My name is Charlotte, sometimes known as Ms Lottie, occasionally as The Slightly Mad Quilt Lady. This is my blog, where you'll find me writing a lot about my quilting and textile arts and a little about my family's life in a small seaside town in New Zealand. Haere mai!

Thursday, September 5, 2019

Canada has barn quilts. And barns.


Lots of you know that I recently spent two months in Canada*.  An amazing time was had, and I hope to write a few more blog posts about what I got up to when I was there, but for now I want to start with barn quilts. And barns.


I'd heard of barn quilts, but I'd thought they were just an American thing. But Canada has barns too, so why not barn quilts as well?! 

A barn quilt is a big quilt block painted on a piece of wood and stuck on the side of a barn. They've been around for hundreds of years, farmers used all sorts of folk art to decorate barns in the past, but in the last few decades they've had a resurgence.


They are often used to draw tourists to small towns, with barn quilt trails leading visitors from one place to the next. These barn quilts I photographed are all around the tiny town of Ailsa Craig, in south west Ontario, where I spent a week at the Ailsa Craig Quilt and Fibre Arts Festival.

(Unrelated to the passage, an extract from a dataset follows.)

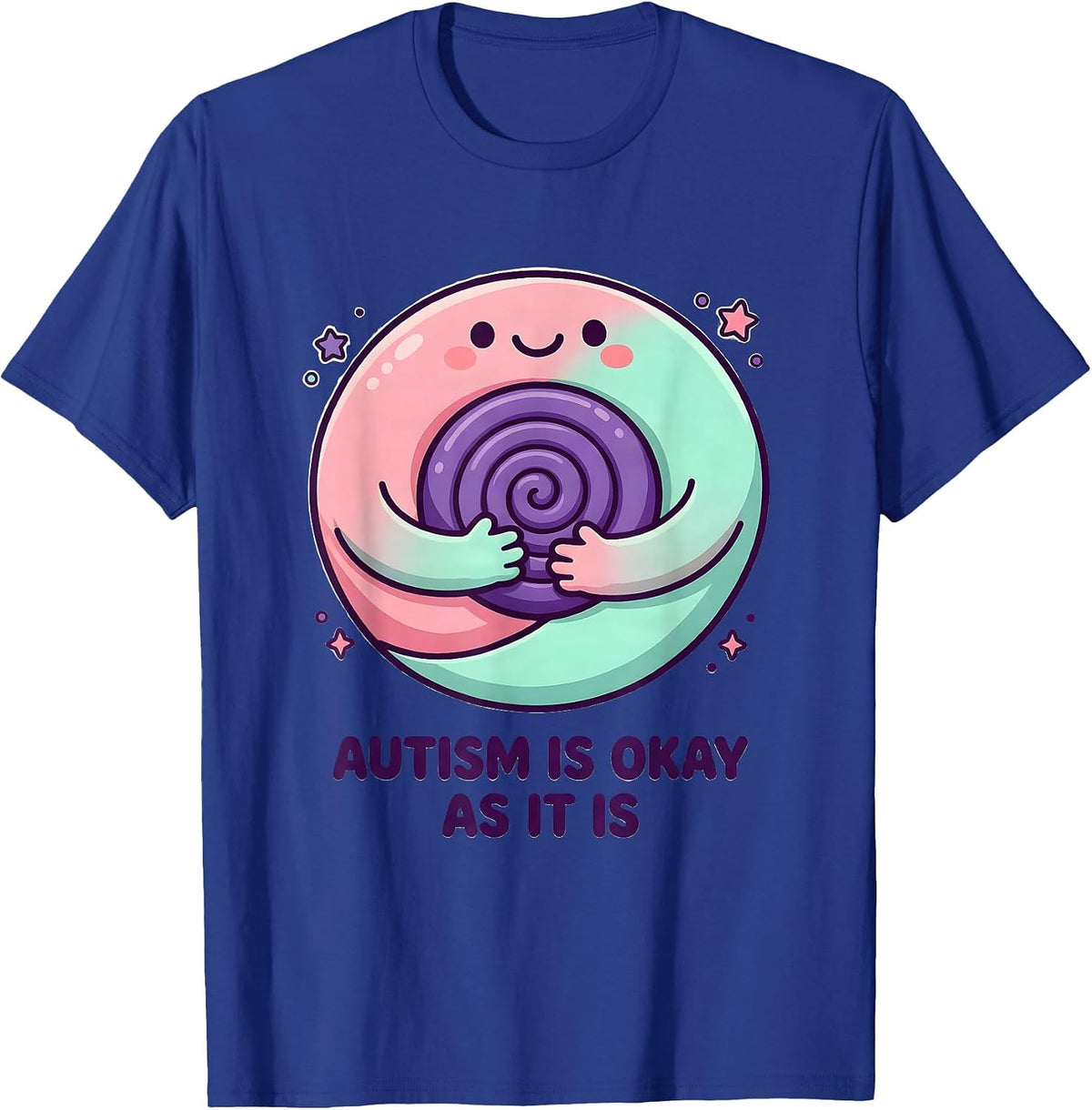 Men's Autism Is Okay As It Is Cute Kawaii Neurodiversity Awareness T-Shirt - Royal Blue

One of our lovely hosts, Mary, spent an evening driving Clare, Catherine and myself around miles and miles of lovely countryside. There were more barn quilts I got to see but didn't photograph because the light was getting pretty low.




The south west Ontario countryside was beautiful. Quite flat, lots of farming, gorgeous trees that were just leafing out for Spring, and lots and lots of great barns.  I loved the shapes of them and the colours, so different from New Zealand.

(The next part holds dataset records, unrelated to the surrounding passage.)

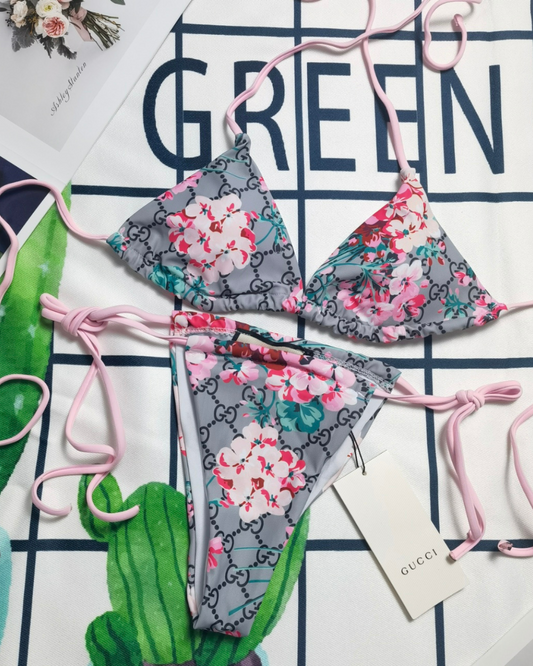 Pink GG Floral Bikini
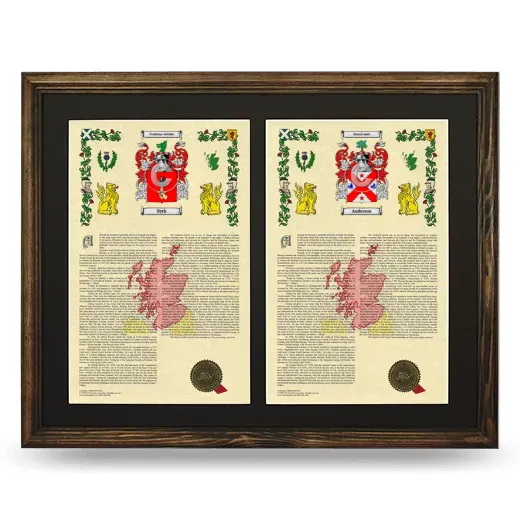 Double Armorial History Framed- Brown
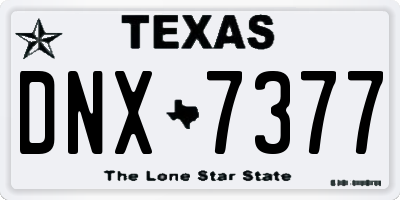 TX license plate DNX7377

The iconic Canadian maple leaf had to feature somewhere! If you want to know more about the barn quilts in Canada, you can visit the Canadian barn quilt website, where you can read stories about the people behind them and find maps if you want to follow a barn quilt trail.


As well as new barns, there were also lots of older buildings. Such great shapes.


Mary knew who owned this one, so we were able to get up close and personal with it.  There are also lots of barns that don't have barn quilts, but are still decorated in some way.


And then I got to rural Nova Scotia, and I found SO MANY brilliant barns! Unfortunately we were driving a hulking great camper van by then and Hubby couldn't really pull over for me every time I saw something I wanted to photograph (sad face emoji), so lots of these next pics are taken from a moving vehicle.


Gloomy.


Nova Scotia has quite red soils, nicely echoed in the rust on this barn.


That's the Bay of Fundy in the background of the barn above. It has the highest tides in the world and when the tide is out there is acres of red tidal mud.


How could you not love everything about this big red beauty?


This one (above and below) is a rebuilt approximation of the barn on the Anne of Green Gables historical site on Prince Edward Island. This property was were L M Montgomery spent a lot of time as a child and was the inspiration for the house called Green Gables.



And I found other great buildings too, like this wharf shed in Maine, US.


And last, but not least, how about this abandoned house on the hill in New Foundland?  I hope you enjoyed my little structures of North America tour.


*That goes some ways to explaining the big black hole in my recent blogging activity!

1 comment:

  1. I've loved seeing these photos, so many different styles of barn, they're amazing and the little abandoned house in Newfoundland - what a history it must have!